Comment faisait-on pour se guider en mer pendant le moyen-âge ? Dès le XIIIème siècle apparaissent en Méditerranée ces cartes toutes particulières appelées les portulans. Le mot portulan n’est pas anodin, car il s’agit d’un outil de navigation précis et pratique permettant de se déplacer de ports en ports, ceux-ci étant notés sur la carte.
Contrairement aux cartes médiévales souvent symboliques, laissant place à l’imagination de l’artiste, les portulans sont précis et pratiques : chaque portulan trace les côtes avec une remarquable exactitude, au point que certaines cartes de la Méditerranée ressemblent encore aujourd’hui aux relevés modernes. Les terres intérieures sont souvent vides, car elles ne concernent pas le navigateur : seuls les littoraux, les îles, les passes et les mouillages comptent.
Quelques Portulans
Un des premiers portulans encore conservé de nos jours est cette carte dite “Pisana” datant de 1290, permettant probablement aux navigateurs génois de se diriger en Méditerranée.
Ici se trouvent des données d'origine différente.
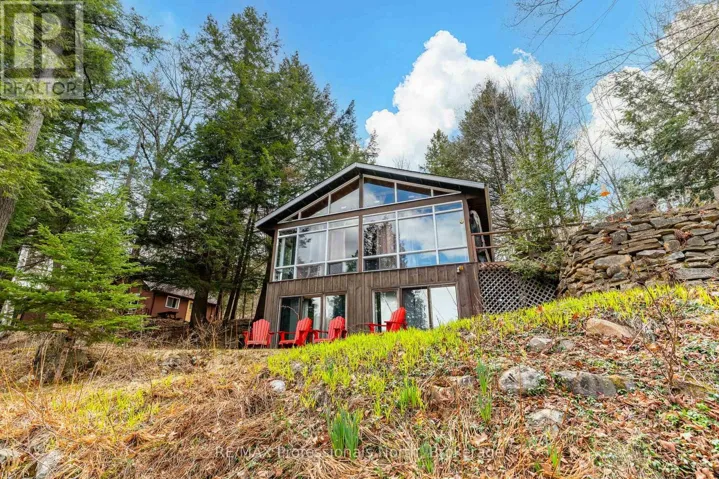 375 HARP LAKE ROAD, Huntsville (Chaffey), Ontario P1H2J6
Voici un autre exemple de portulan que j’ai pu observer au musée naval de Séville. Il s’agit de la carte de Mateo Prunes datant de 1563. Il représente toute les côtes de la méditerranée. On voit qu’au delà de l’aspect pratique de cette carte, l’esthétique est aussi devenu un enjeu pour ces créations du XVIème siècle, avec ces nombreuses fioritures pour combler les vides à l’intérieur des terres.

Il en est de même pour cette version méditerranéenne de Visconte Maggiolo de 1541, dessinant même des tentes sur les côtes africaines, et comme une mer rouge en lieu et place… de la mer rouge.

Dans ce grand siècle des explorations du XVIème siècle, les portulans ont évidemment accompagné les navigateurs en haute mer. C’est pourquoi nous retrouvons quelques portulans dessinant déjà les côtes outre-Atlantique, comme ce portulan du portugais José Reinel datant de 1519 (photographie du Fac-Simile visible au musée de Séville).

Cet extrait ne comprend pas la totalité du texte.